If that is the theory, it is meritless. In the context of the chief executive’s dismissal of subordinates, the concept of attempt is inapposite. A president either fires someone or he doesn’t.

Actually, there are at least three problems with trying to inflate Trump’s spasms of anger over Mueller into an obstruction felony.

First, the president has constitutional authority to fire subordinate officials, including prosecutors, with or without cause. Certainly, he may be impeached for doing so if Congress decides a dismissal is an abuse of executive power. But firing a prosecutor, particularly one who is managing a counterintelligence probe, would not amount to a viable obstruction crime. A fortiori, taking preliminary steps but stopping short of firing the prosecutor, cannot establish obstruction.

Second, it is unlikely that counterintelligence investigations can be obstructed – although there is an exception, which I’ll come to.

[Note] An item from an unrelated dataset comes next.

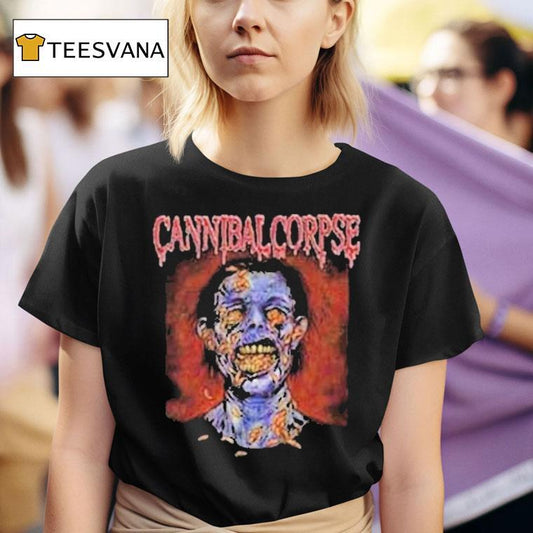 Cannibal Corpse Skull Full Of Maggots Shirt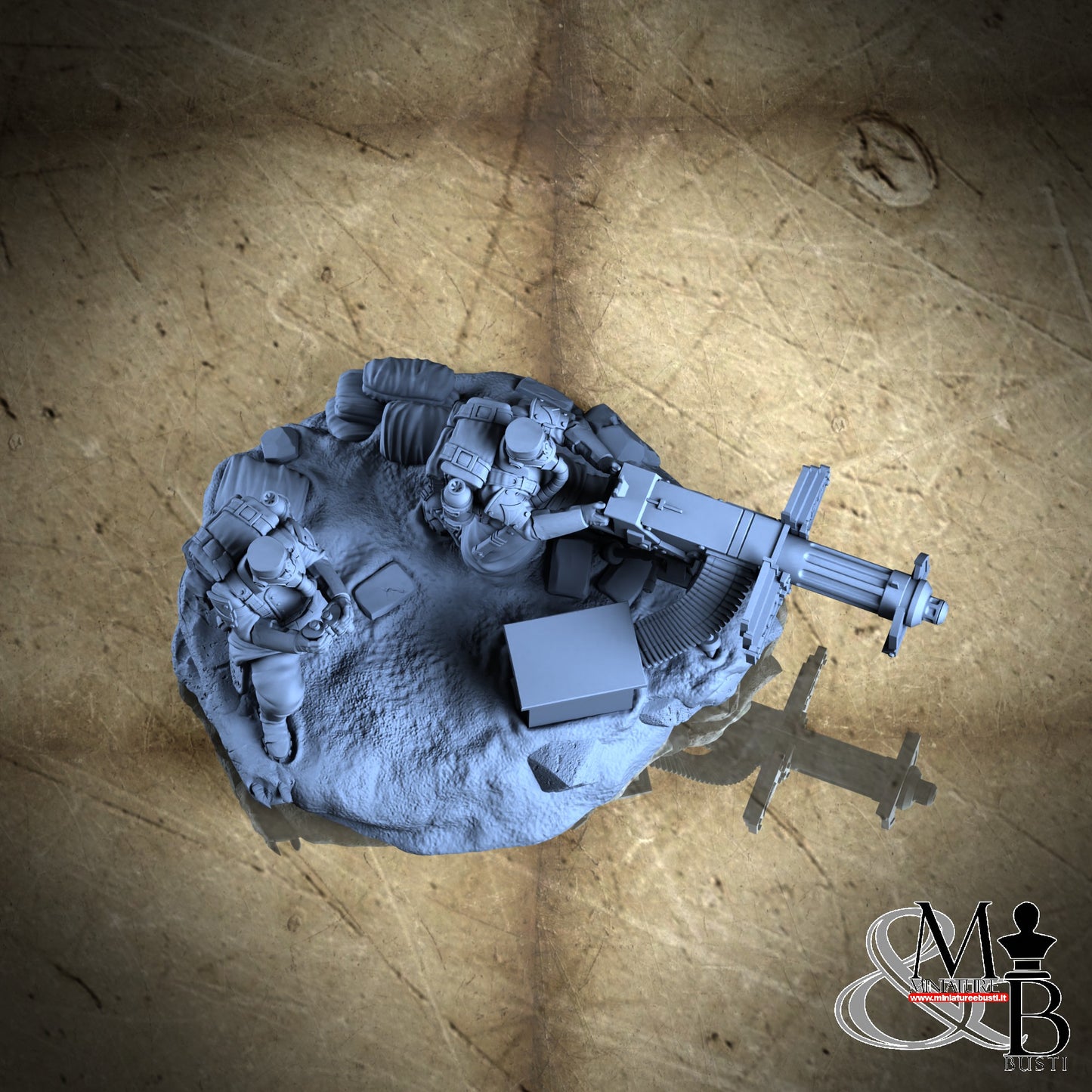 Morior Heavy Infantry - Heavy Machinegun Crounched Spotter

As I’ve pointed out before, federal criminal law prohibits obstruction of an “official proceeding.” FBI investigations are not official proceedings, as federal law defines that term (in section 1515(a)(1) of the penal code). That is not the end of the matter, though, because obstructing certain FBI investigations could have the ultimate effect of obstructing something that is an “official proceeding,” such as a grand jury probe or a criminal prosecution in court. Under federal law (section 1512(f)), an official proceeding can be obstructed even if it is not yet underway when the obstructive conduct occurs. Consequently, interference with a criminal investigation (e.g., corrupt actions to tamper with witnesses or evidence) can result in a valid obstruction charge.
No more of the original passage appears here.